Legislative negotiators had been looking at $300 million to fund New York City Mayor Bill de Blasio's universal pre-kindergarten initiative with an additional pool of money for upstate districts. Advocates said the tentative budget language that would offer the pre-k aid as a reimbursement to cash-strapped districts would hobble its expansion, though Silver said Friday he had no issue with reimbursements.
Silver said a tax credit to help private and public schools advocated by Cardinal Timothy Dolan probably won't be included in the budget.
People familiar with the negotiations said a version of Cuomo's plan to offer property tax rebates to homeowners in jurisdictions that meet cost-cutting goals remained in the mix. But the tentative proposal would give credit to localities for cost-saving shared-service agreements over the last four years.
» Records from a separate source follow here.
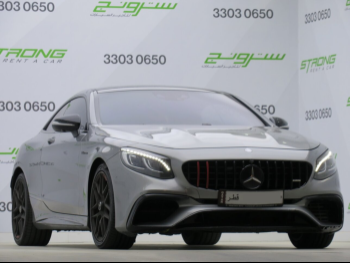 Mercedes-Benz  S-Class  500 AMG  2015  Automatic  160,000 Km  8 Cylinder  Rear Wheel Drive (RWD)  Coupe / Sport  Gray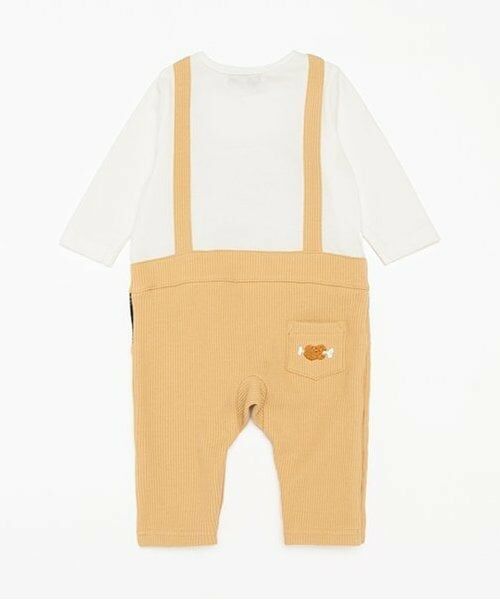 kladskap / クレードスコープ ロンパース | ライオンサロペット風長袖カバーオール | 詳細1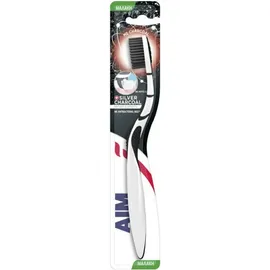 Aim Toothbrush with Charcoal Soft
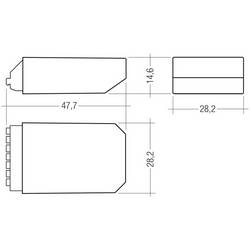 Tridonic Steuerung 28001716 skupinový modul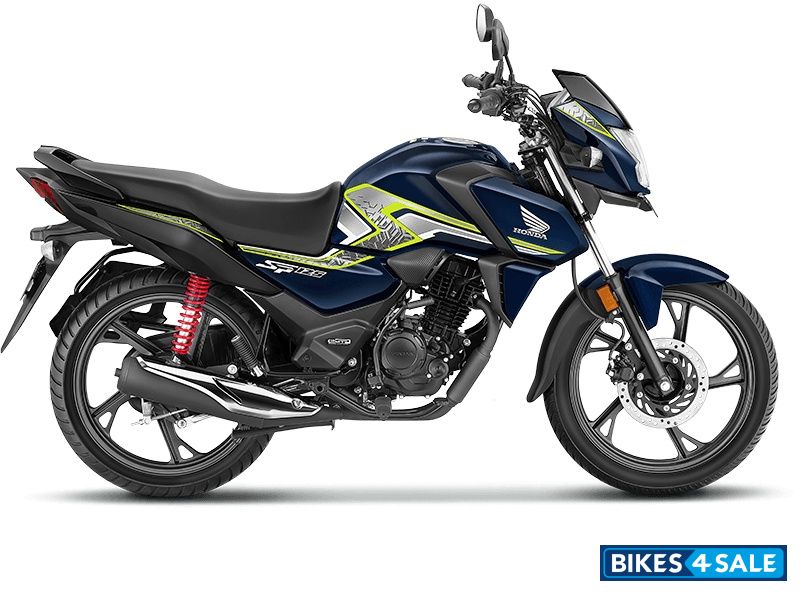 Honda SP125 2025 Pearl Siren Blue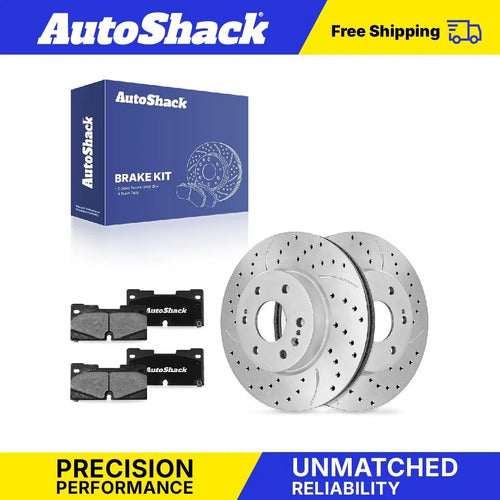 Kit Frenos Discos Chevrolet Silverado Gmc Sierra 2019-2024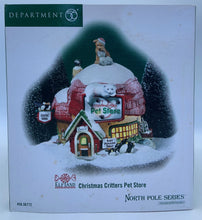 Load image into Gallery viewer, Retired Department 56- North Pole Series "Christmas Critters Pet Store"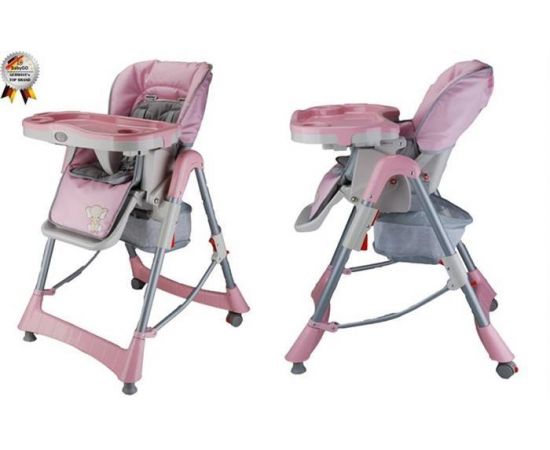 Scaun de masa Tower Maxi Pink - Babygo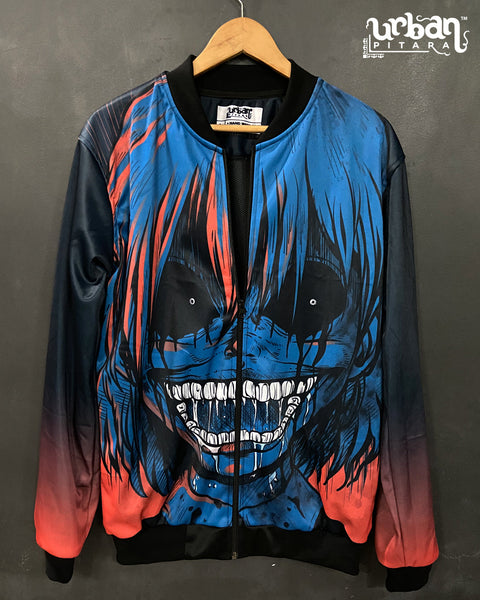 Vampire Chuckle Bomber Jacket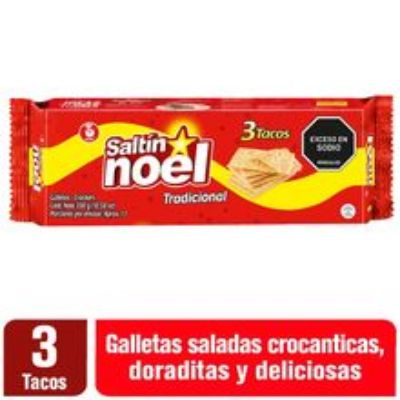 Imagen de Galletas SALTÍN NOEL 3 tacos x300 g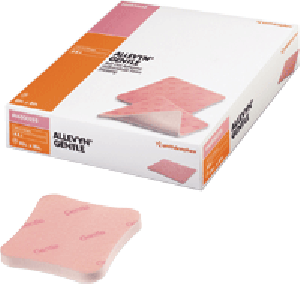 "ALLEVYN Gentle Gel Adhesive Hydrocellular Foam Dressing, 8"" x 8"""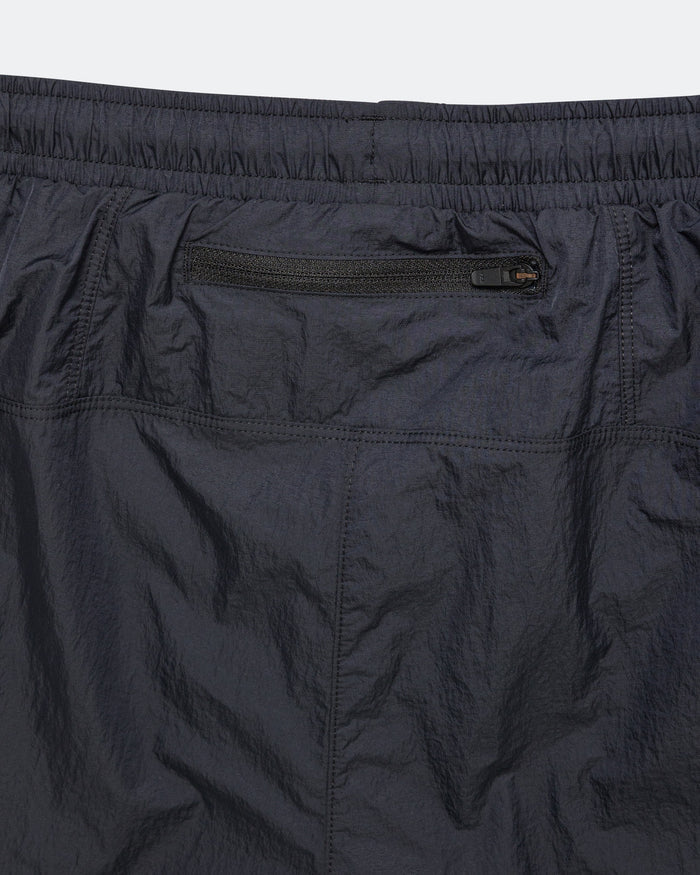 Mens Ultralight Nylon Trail Shorts - Deep Brown/Black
Legislators and lobbyists said the final budget is expected to contain several adjustments to Cuomo's tax proposals. They include a statewide income tax cut for manufacturers, not just upstate, and a smaller cut than initially proposed for other corporations, while still rescinding the separate bank tax and offering an option for taxing just 8 percent of income from selling and trading securities.
The final deal also is expected to raise the exemption from estate taxes from $1 million to about $3 million, not the federal level of $5.34 million that Cuomo proposed. The state tax rate is expected to stay at 16 percent.